Another from Essex, a retired detective of the Metropolitan Police, wails in anguish how he was arrested and charged for assault after he caught some teenagers tearing down trees in his garden for a bonfire behind his wooden shed, merely for holding one of the boys by his wrist.

A third explains how the usual niceties of society stand suspended when one is suddenly brought face-to-face with violent individuals with criminal intent. "Why on earth should it be incumbent upon victims of crime to behave reasonably in the face of wholly unreasonable circumstances?" asks another from Bedfordshire. '"The United States has got it right" he states, "if someone comes into a home uninvited, they do so at their peril and not at the homeowner's". He accuses the lawmakers in the UK of being 'so obtuse' as to be practically offering the burglar immunity by putting the onus on the victim.

A widow in her eighties from Kent writes that she is appalled and sickened by the pictures of old ladies who have been burgled, beaten up and in some cases, murdered. Not wanting to invite such fate for herself, she unequivocally declares about keeping a weapon in her bedroom. For yet another in Warwickshire, "It is an absolute disgrace for hard-working folk to suffer the indignation of an arrest for defending their lifetime's possessions while being removed by some half-wit who can't be bothered to find a job". For her the government would have more credibility if it spent as much time tackling crime as it did debating whether some men and women in red coats on horses should pursue a fox!
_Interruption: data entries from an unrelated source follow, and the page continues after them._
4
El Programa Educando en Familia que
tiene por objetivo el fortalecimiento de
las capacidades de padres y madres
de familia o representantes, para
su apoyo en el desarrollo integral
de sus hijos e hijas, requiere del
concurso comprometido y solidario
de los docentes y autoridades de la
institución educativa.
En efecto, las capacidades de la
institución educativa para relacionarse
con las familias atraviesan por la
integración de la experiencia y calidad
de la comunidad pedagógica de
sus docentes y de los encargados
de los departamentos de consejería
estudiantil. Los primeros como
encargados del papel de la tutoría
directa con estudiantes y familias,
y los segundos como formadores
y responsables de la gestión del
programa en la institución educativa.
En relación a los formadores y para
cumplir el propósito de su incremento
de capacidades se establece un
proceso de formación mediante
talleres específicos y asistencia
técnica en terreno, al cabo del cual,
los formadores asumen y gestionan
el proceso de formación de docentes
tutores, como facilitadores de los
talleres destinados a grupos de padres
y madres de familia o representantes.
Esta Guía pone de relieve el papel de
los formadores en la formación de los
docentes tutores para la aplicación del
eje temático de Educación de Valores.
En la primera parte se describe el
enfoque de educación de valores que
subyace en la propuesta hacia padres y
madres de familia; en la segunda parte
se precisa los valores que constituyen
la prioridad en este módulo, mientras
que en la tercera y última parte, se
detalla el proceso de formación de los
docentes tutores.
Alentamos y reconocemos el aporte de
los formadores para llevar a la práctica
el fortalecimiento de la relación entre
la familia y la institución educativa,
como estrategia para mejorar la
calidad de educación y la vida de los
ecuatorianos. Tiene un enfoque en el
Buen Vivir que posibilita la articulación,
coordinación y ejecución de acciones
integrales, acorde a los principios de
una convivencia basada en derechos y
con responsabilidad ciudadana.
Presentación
From Wiltshire writes another that as long ago as the time of the 1689 Bill of Rights, it was recognized that a contract between citizen and state whereby the state would protect the citizen from personal assault at all times, was impossible to honour. That the situation now is no different.

Attempting to sum up public reaction is one from Suffolk who is eager to hear arguments against the proposition. He observes amidst a great deal of name-calling, the defeatist argument that the proposed measures will cause criminals to be more violent - a counsel of despair - and fanciful speculations about householders arming themselves. And he notes the lofty condescension of the 'liberal elite' that the law is perfectly adequate.

Blaming the opposition for fanning the campaign for their own selfish ends, an MP from the ruling party however reasserts two basic principles: That in the public domain people should be expected to go about their business without being arbitrarily attacked by anyone else; and that this stance should not operate within one's home. If people violate the privacy of one's home, then their right to expect protection from the law is negated by their own very act.

Interestingly, it is a long-retired police officer joining the fray, who tells how far a person could go to protect his home. He points out that Common Law has always supported the principle that one could not retreat further than the bounds of one's home. To Victorian legislators the protection of the dwelling and its occupants was paramount, particularly in respect of the nighttime offence of burglary. He clarifies that Section 31 of the Offences against the Person Act 1861, made it an offence to set any spring-gun, 'man-trap' or other 'engine', with intent to inflict grievous bodily harm, except when set or placed from sunset to sunrise, in a dwelling house for the protection thereof. He hoped that the current debate would result in some Victorian attitudes being adopted, leaving burglars and the like in no doubt about the serious consequences of their actions.